只是未等他发作,小姑娘又跑了进来,手里隐约捧着个白瓷妆盒。
顾初月拉他一同坐到了书案旁的太师椅上。
两个人坐,刚刚好。
言闻一饶有兴趣的看着小姑娘,没有做声。
顾初月咬唇,翻开他的手掌,掌心薄茧处泛红,尤其是指关节处。
为了给她抄六十遍《大学》,手都成这样了。
习武之人手掌粗砺,不易泛红才是。
可大魔王的手却变成了这样……
她打开瓷盒,在里面抠出一大坨玫瑰乳香膏,小嘴念念有词,“这个是祖母给我特别定制的护手膏,我每次净手后都会抹的,效果可好了。”
说到最后,她有些愧疚的呢喃,“其实……其实你不用帮我全抄了的,你看都把手都抄成什么样了?这么红,指尖有的都破皮了……”
这番话全都落进了来送茶的金戈耳中。
他面色狐疑,一盘茶差点没端住摔在地上。
主子的手不是因为刚练完刀吗?和抄书有什么关系?
主子的七十遍昨晚阁卫就已经抄完了啊……
只是,没等金戈反应过来,言闻一便甩了他一记眼刀,“端个茶都端不稳。
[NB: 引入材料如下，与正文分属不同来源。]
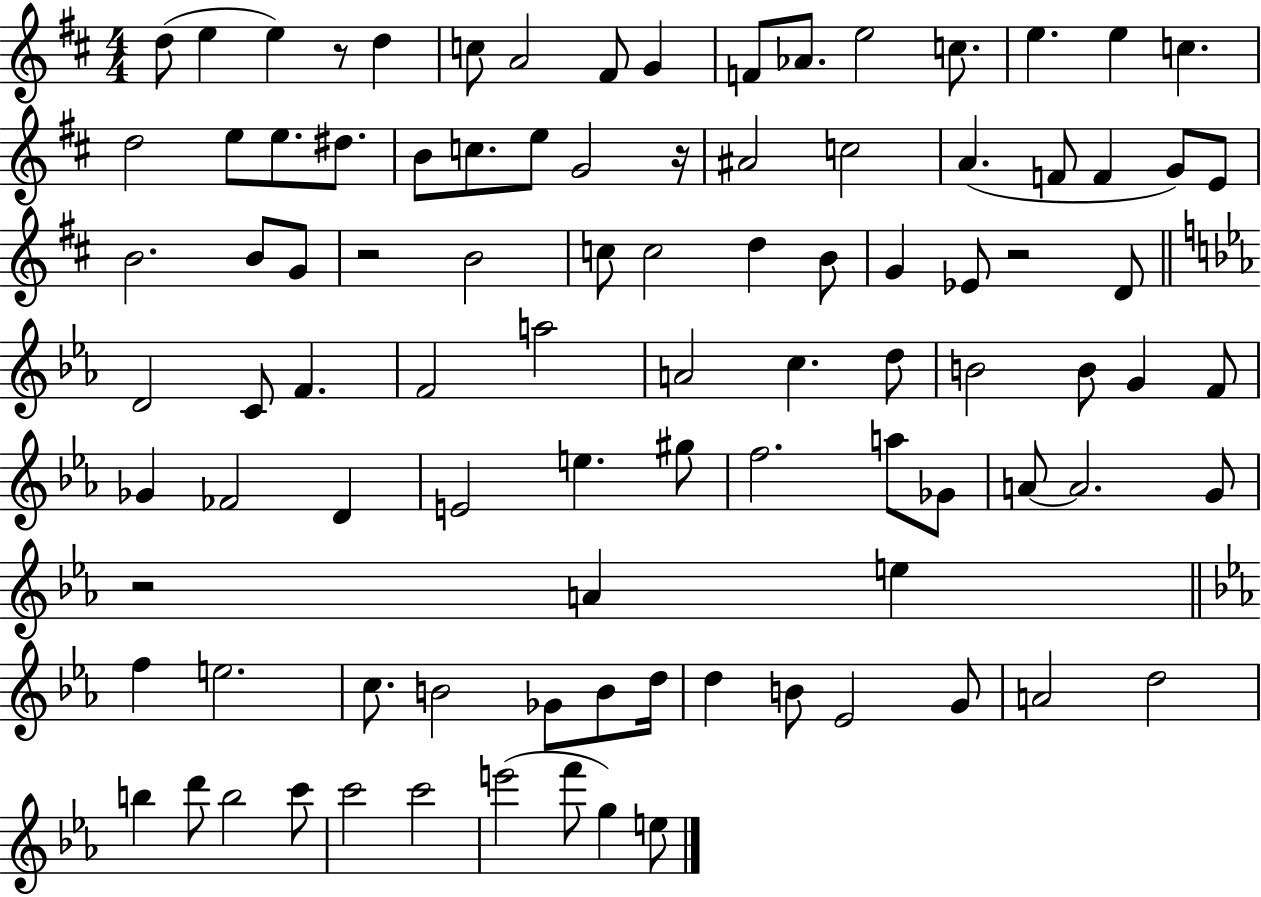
X:1
T:Untitled
M:4/4
L:1/4
K:D
d/2 e e z/2 d c/2 A2 ^F/2 G F/2 _A/2 e2 c/2 e e c d2 e/2 e/2 ^d/2 B/2 c/2 e/2 G2 z/4 ^A2 c2 A F/2 F G/2 E/2 B2 B/2 G/2 z2 B2 c/2 c2 d B/2 G _E/2 z2 D/2 D2 C/2 F F2 a2 A2 c d/2 B2 B/2 G F/2 _G _F2 D E2 e ^g/2 f2 a/2 _G/2 A/2 A2 G/2 z2 A e f e2 c/2 B2 _G/2 B/2 d/4 d B/2 _E2 G/2 A2 d2 b d'/2 b2 c'/2 c'2 c'2 e'2 f'/2 g e/2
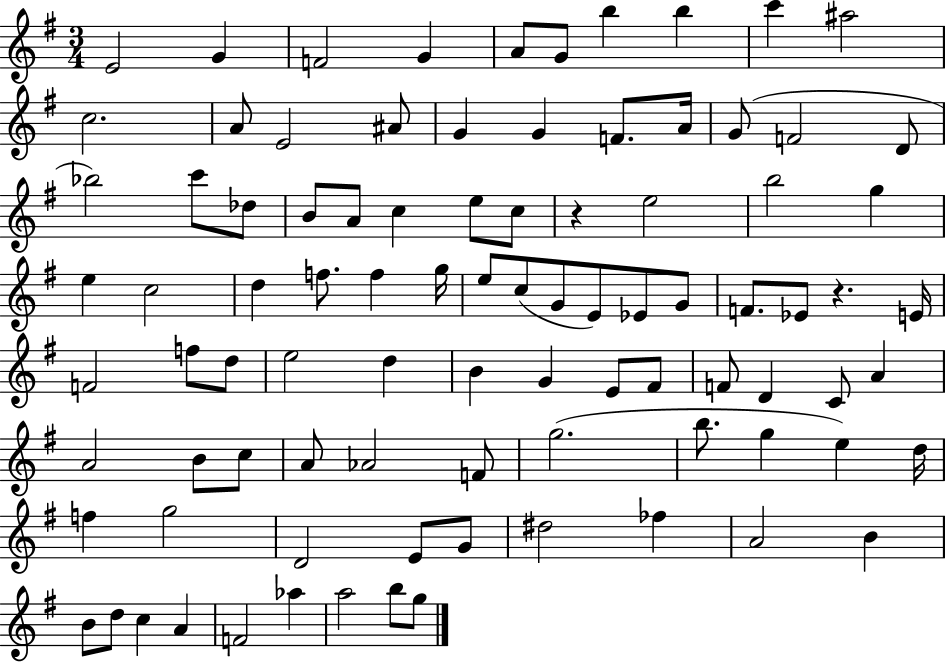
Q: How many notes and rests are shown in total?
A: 91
”
金戈脖一缩,放下盖碗茶灰溜溜的赶紧出了正屋。
顾初月没有理会金戈,在她看来,大魔王这个小厮有些神神道道的。
“好啦!”
她细细的将言闻一的右掌每一寸皮肤都抹上了香膏。
言闻一抬手,见小姑娘要将瓷盒收起,懒洋洋的又伸出了左手。
搭在了顾初月的腿上。
她收瓷盒的动作一顿,抬头道:“这只手也要抹吗?”
言闻一颔首。
“好。”
顾初月拿出瓷盒,抠出一坨,细细的抹在少年粗砺的手掌上,薄茧之处抹的尤其厚。
十五岁的少年,手掌这般粗砺。
若他是嫡子,现在怕也是金贵的养在府中吧。
她不知怎的,蓦然有些心酸,不禁缓缓吐了一口气。
言闻一垂眸,眯着一双狭眸。
小姑娘娇软的手指像是点了火苗般,每到一处,便麻麻痒痒的,像是一股电流,传到四肢百骸。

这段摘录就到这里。